• [WORK REQUIRED]: Verbatim reproduction of the entries is required; images must be omitted.

Data extracted from a collection

# # # # #

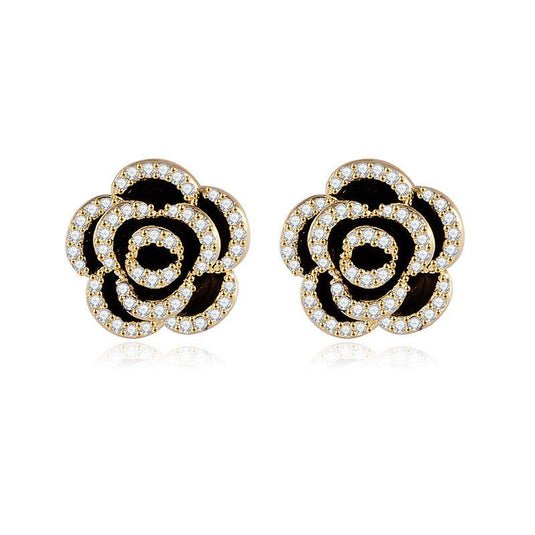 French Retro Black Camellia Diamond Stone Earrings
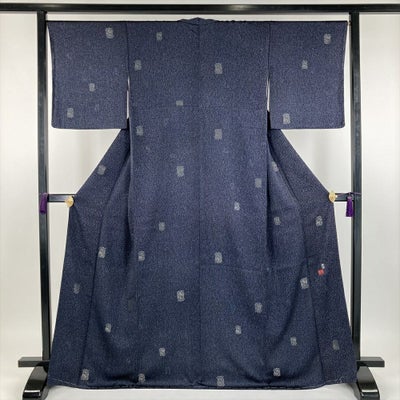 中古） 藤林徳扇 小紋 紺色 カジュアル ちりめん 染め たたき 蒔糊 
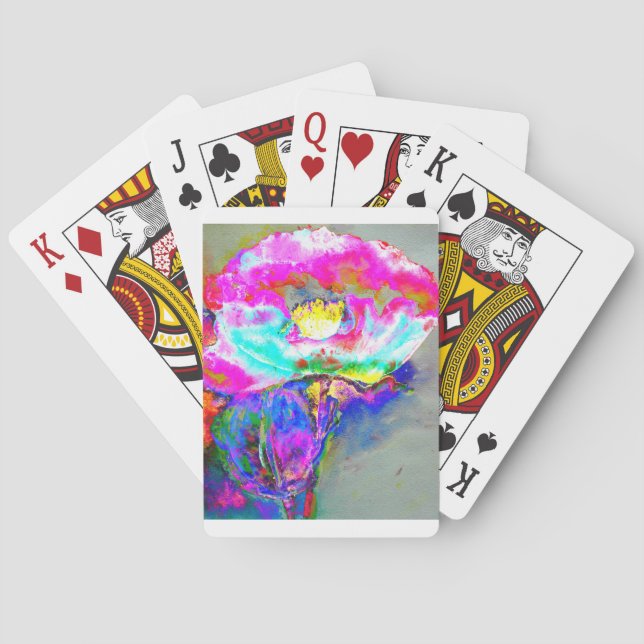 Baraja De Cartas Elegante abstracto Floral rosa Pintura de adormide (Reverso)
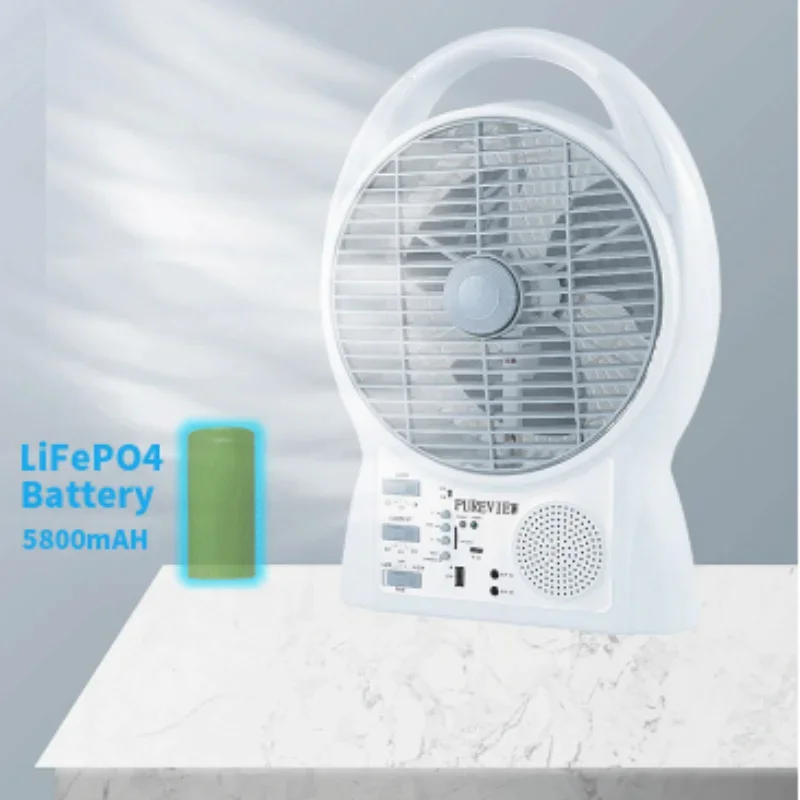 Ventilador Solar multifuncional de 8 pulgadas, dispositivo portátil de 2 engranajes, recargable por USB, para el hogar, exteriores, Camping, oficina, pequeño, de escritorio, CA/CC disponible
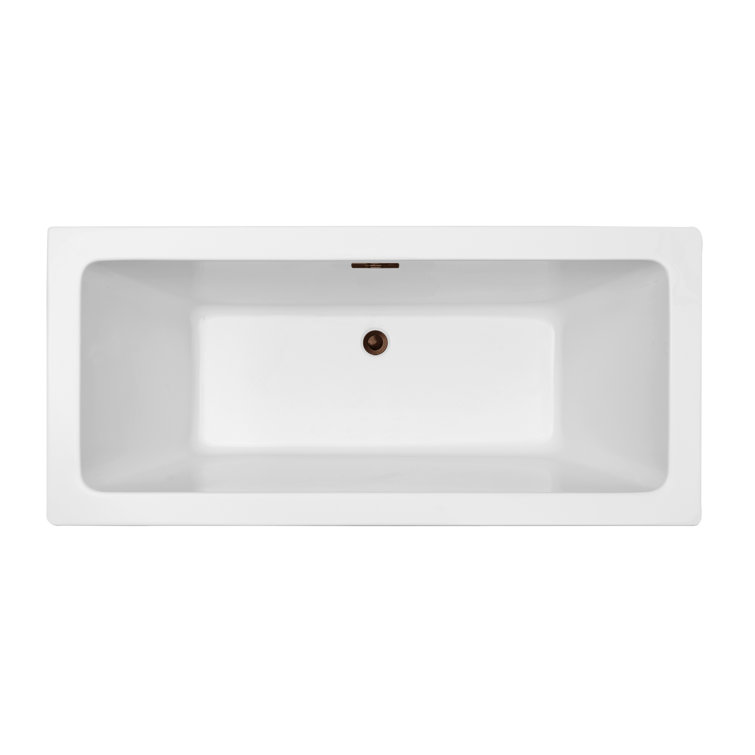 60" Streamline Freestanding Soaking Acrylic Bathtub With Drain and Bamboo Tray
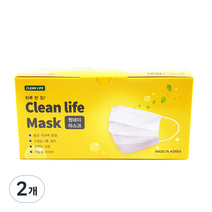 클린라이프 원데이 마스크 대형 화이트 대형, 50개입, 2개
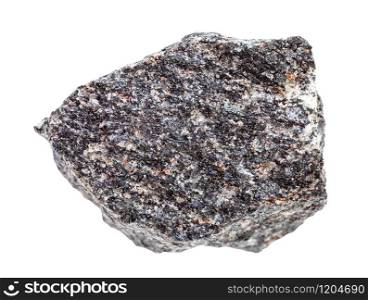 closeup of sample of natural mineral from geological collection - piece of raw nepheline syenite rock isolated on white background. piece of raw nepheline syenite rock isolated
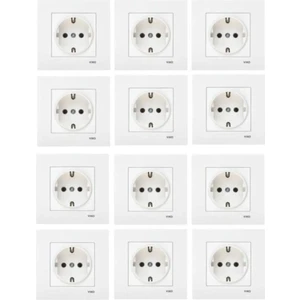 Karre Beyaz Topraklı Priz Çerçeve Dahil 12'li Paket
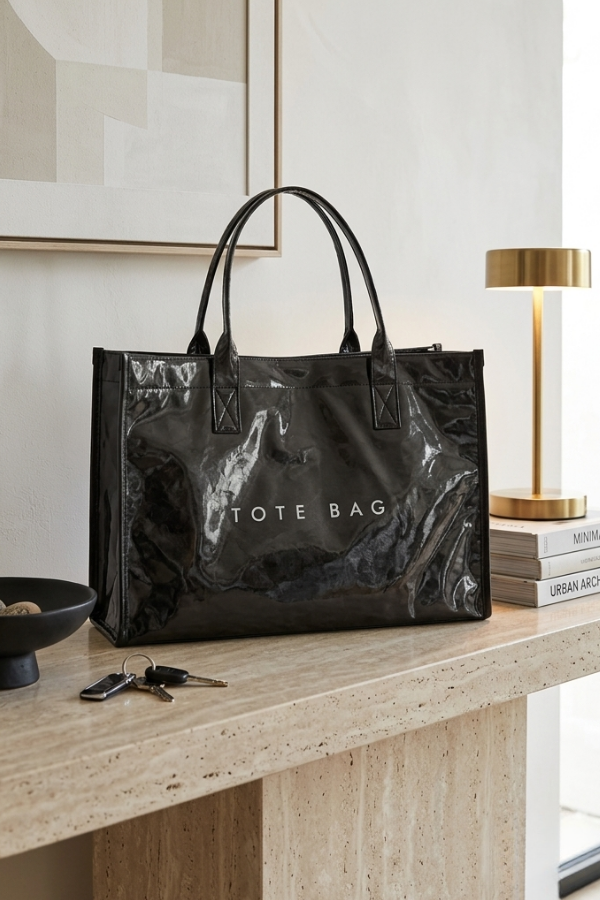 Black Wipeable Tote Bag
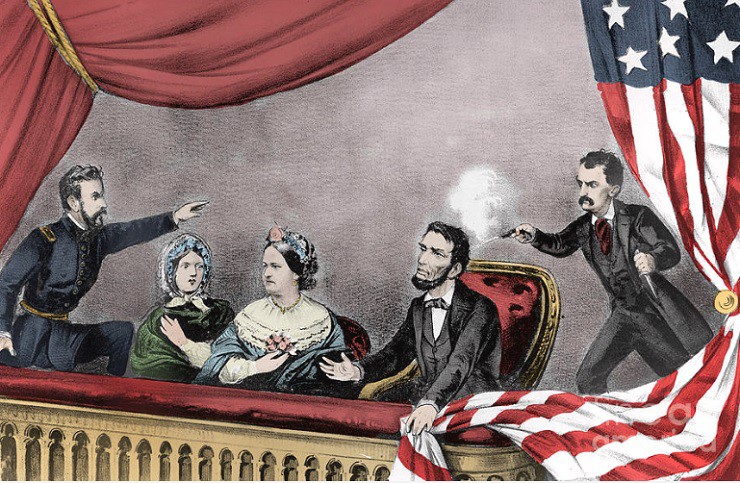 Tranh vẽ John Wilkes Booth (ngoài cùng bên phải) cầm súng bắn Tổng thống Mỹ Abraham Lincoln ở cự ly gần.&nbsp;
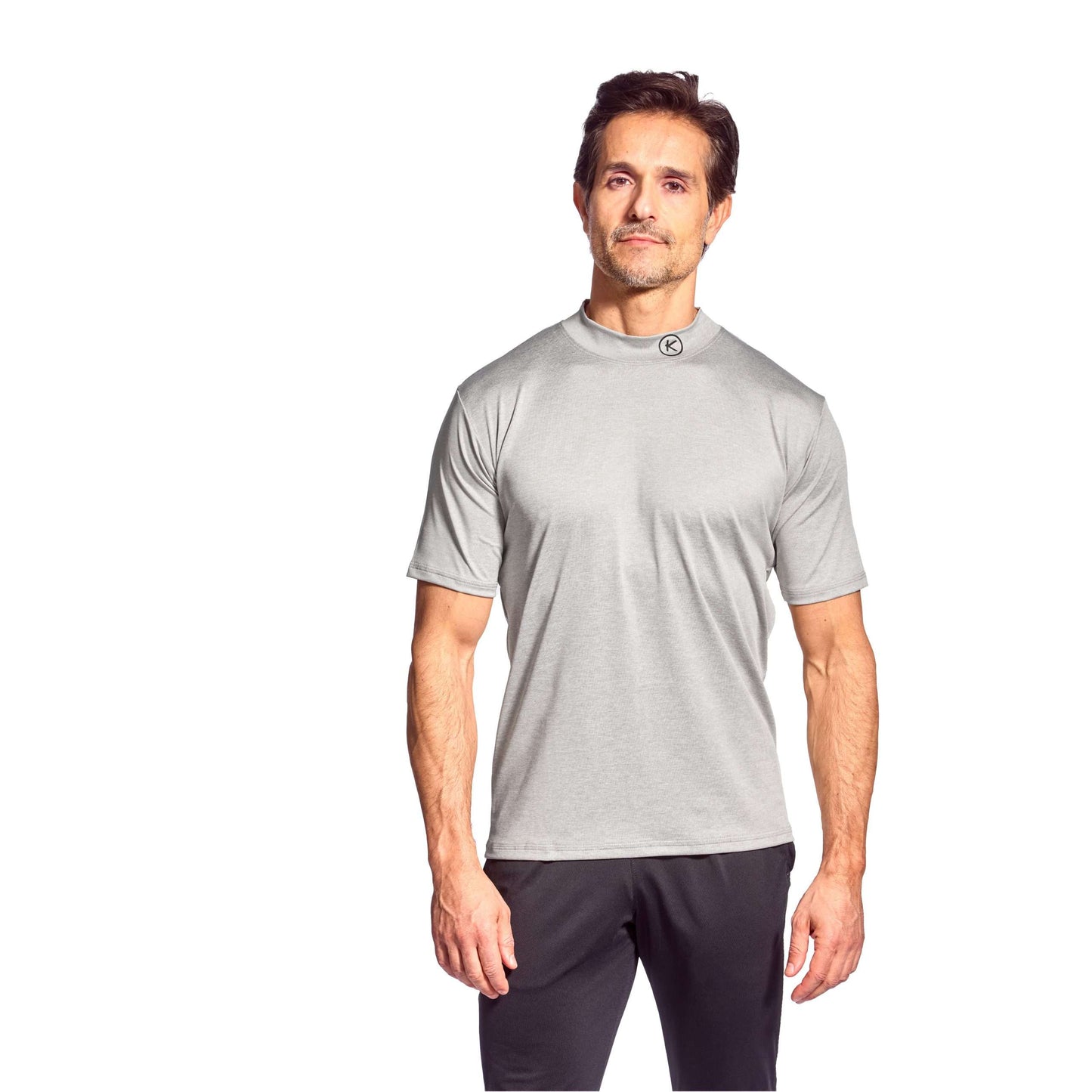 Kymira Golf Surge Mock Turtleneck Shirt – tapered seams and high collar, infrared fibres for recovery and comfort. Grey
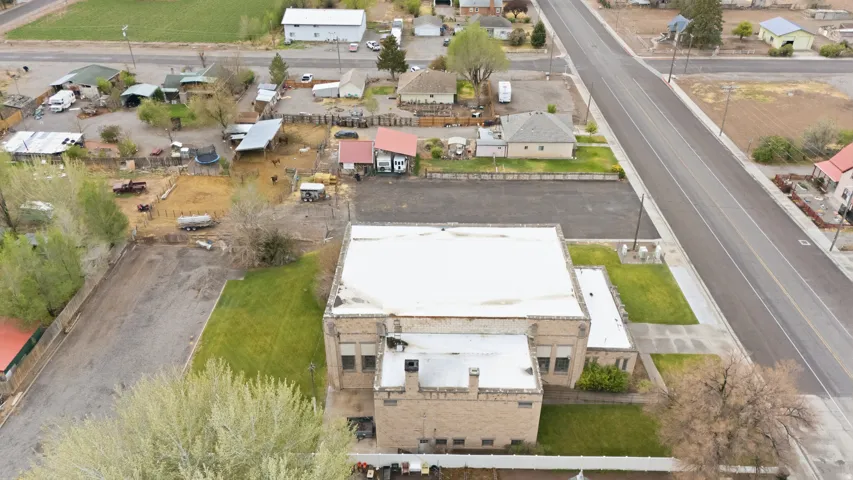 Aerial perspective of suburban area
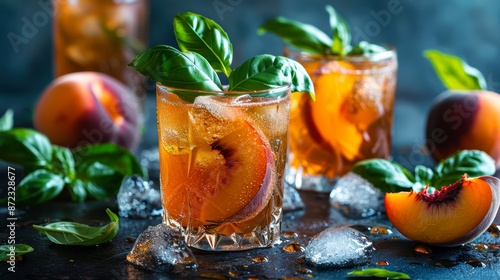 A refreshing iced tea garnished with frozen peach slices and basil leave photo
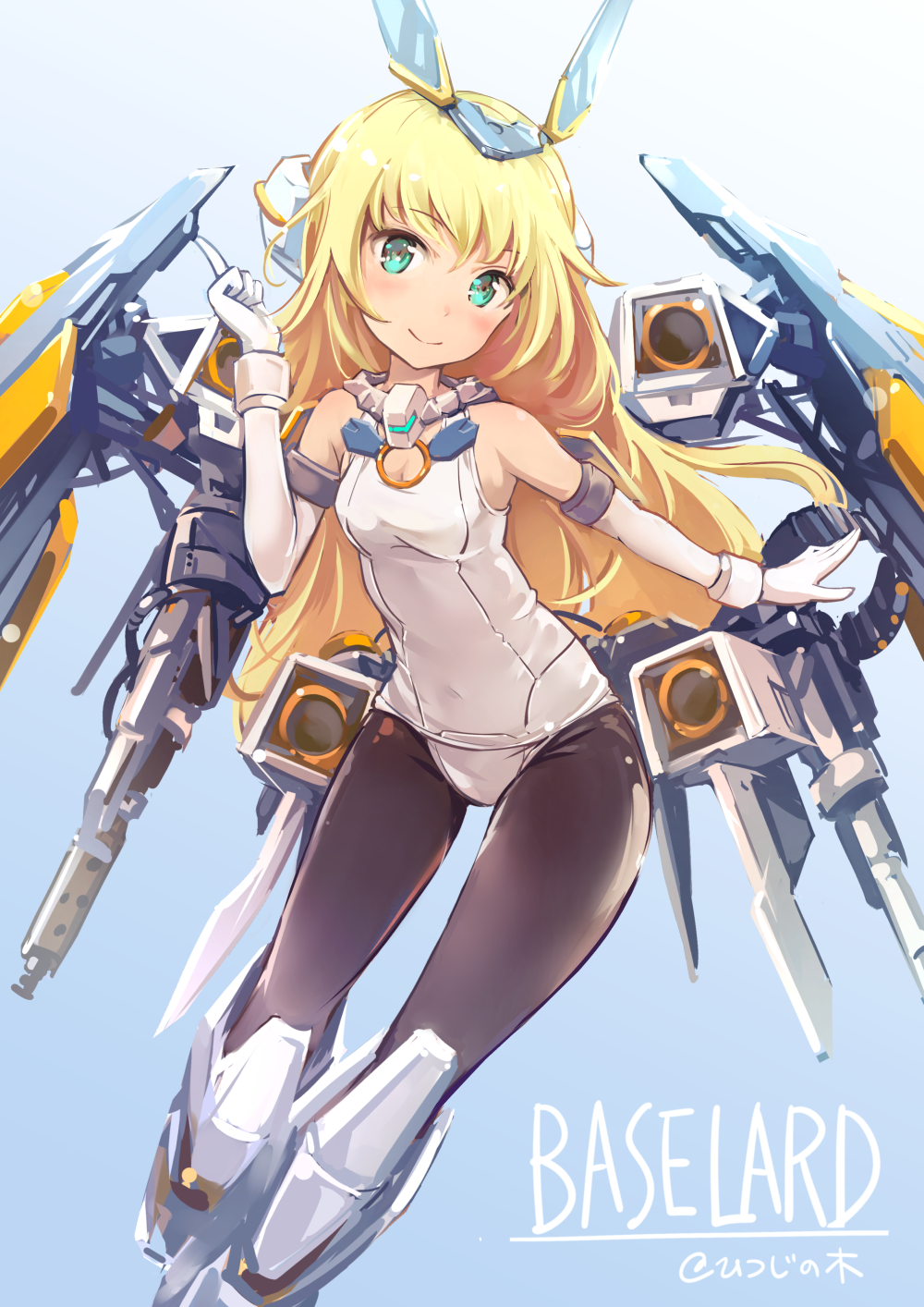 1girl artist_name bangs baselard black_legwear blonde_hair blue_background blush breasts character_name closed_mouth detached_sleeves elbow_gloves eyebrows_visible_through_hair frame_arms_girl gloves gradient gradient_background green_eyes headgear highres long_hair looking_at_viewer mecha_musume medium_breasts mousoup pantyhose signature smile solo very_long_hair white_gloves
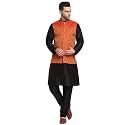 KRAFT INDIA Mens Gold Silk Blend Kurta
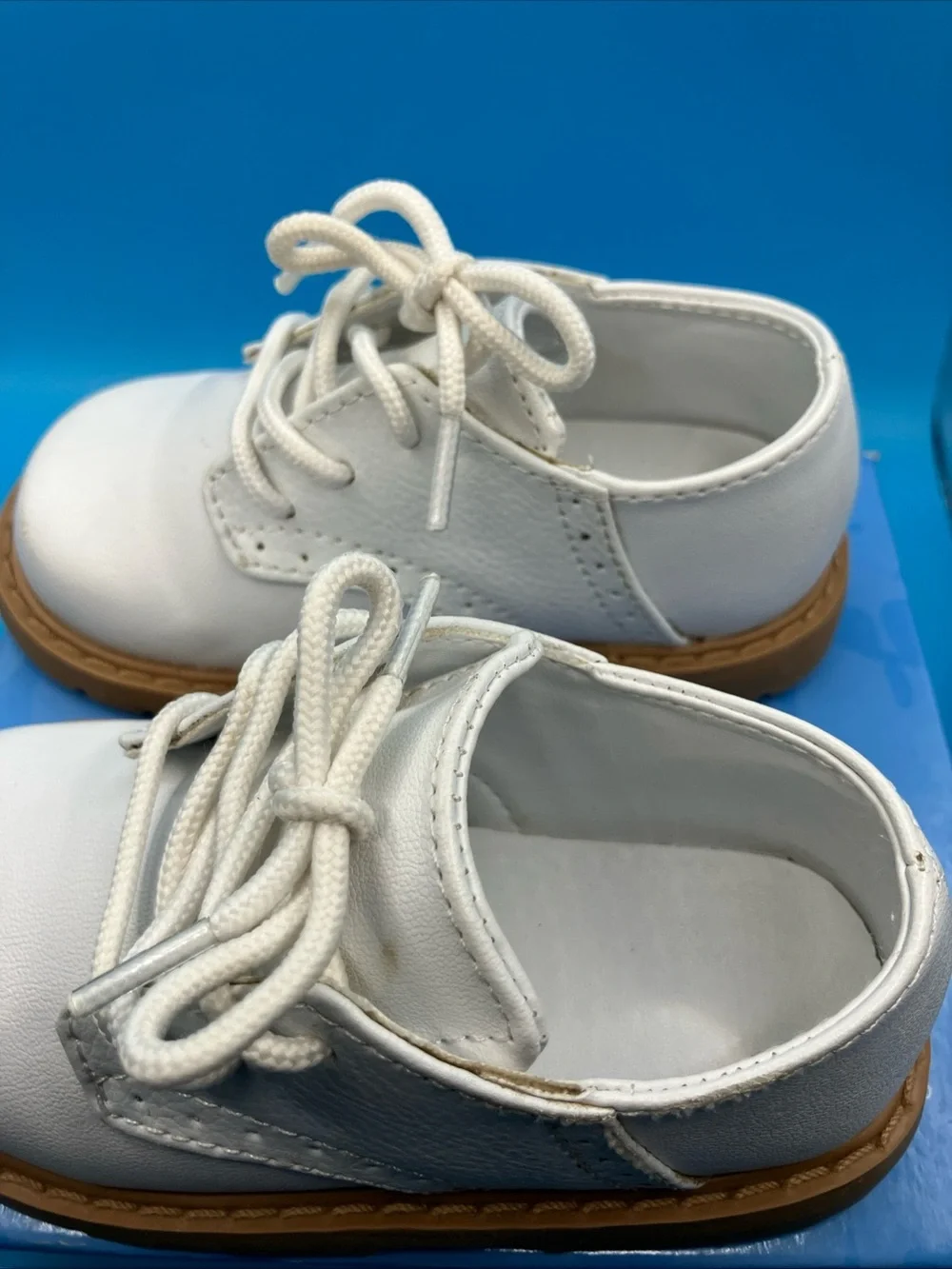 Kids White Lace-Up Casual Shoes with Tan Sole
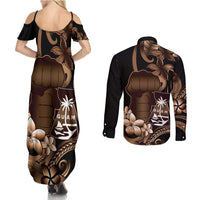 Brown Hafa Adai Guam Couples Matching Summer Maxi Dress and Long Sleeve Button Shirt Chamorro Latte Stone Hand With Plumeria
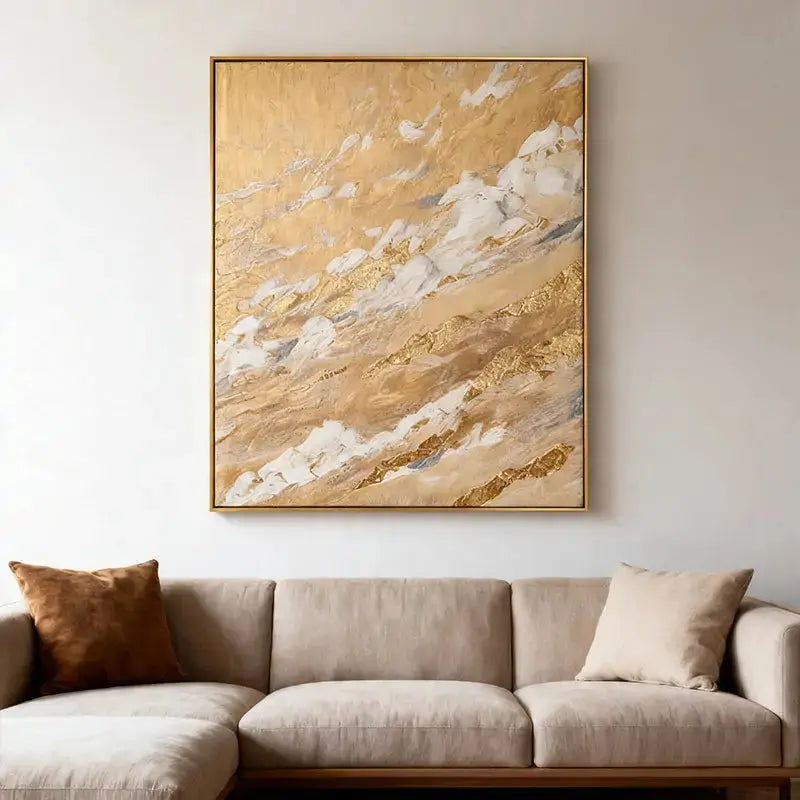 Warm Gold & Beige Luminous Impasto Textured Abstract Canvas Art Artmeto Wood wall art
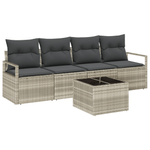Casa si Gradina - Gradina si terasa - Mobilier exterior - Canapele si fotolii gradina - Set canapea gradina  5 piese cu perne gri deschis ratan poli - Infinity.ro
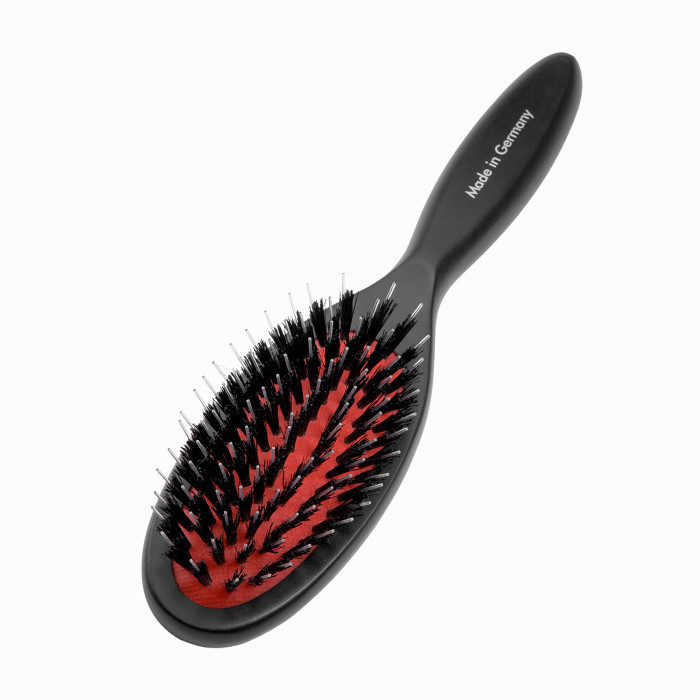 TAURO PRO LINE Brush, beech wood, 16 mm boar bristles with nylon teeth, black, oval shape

# # # # #

• [RESULT OF THIS TASK]:
 French Retro Black Camellia Diamond Stone Earrings
 中古） 藤林徳扇 小紋 紺色 カジュアル ちりめん 染め たたき 蒔糊 
 Baraja De Cartas Elegante abstracto Floral rosa Pintura de adormide (Reverso)
 Ventilador Solar multifuncional de 8 pulgadas, dispositivo portátil de 2 engranajes, recargable por USB, para el hogar, exteriores, Camping, oficina, pequeño, de escritorio, CA/CC disponible
 60" Streamline Freestanding Soaking Acrylic Bathtub With Drain and Bamboo Tray
 클린라이프 원데이 마스크 대형 화이트 대형, 50개입, 2개
 closeup of sample of natural mineral from geological collection - piece of raw nepheline syenite rock isolated on white background. piece of raw nepheline syenite rock isolated
 Karre Beyaz Topraklı Priz Çerçeve Dahil 12'li Paket
 Black Wipeable Tote Bag
 Tranh vẽ John Wilkes Booth (ngoài cùng bên phải) cầm súng bắn Tổng thống Mỹ Abraham Lincoln ở cự ly gần.&nbsp;
 Kymira Golf Surge Mock Turtleneck Shirt – tapered seams and high collar, infrared fibres for recovery and comfort. Grey
 Aerial perspective of suburban area
 A refreshing iced tea garnished with frozen peach slices and basil leave photo
 1girl artist_name bangs baselard black_legwear blonde_hair blue_background blush breasts character_name closed_mouth detached_sleeves elbow_gloves eyebrows_visible_through_hair frame_arms_girl gloves gradient gradient_background green_eyes headgear highres long_hair looking_at_viewer mecha_musume medium_breasts mousoup pantyhose signature smile solo very_long_hair white_gloves
 KRAFT INDIA Mens Gold Silk Blend Kurta
 Kids White Lace-Up Casual Shoes with Tan Sole
 Brown Hafa Adai Guam Couples Matching Summer Maxi Dress and Long Sleeve Button Shirt Chamorro Latte Stone Hand With Plumeria
 Warm Gold & Beige Luminous Impasto Textured Abstract Canvas Art Artmeto Wood wall art
Casa si Gradina - Gradina si terasa - Mobilier exterior - Canapele si fotolii gradina - Set canapea gradina  5 piese cu perne gri deschis ratan poli - Infinity.ro
 TAURO PRO LINE Brush, beech wood, 16 mm boar bristles with nylon teeth, black, oval shape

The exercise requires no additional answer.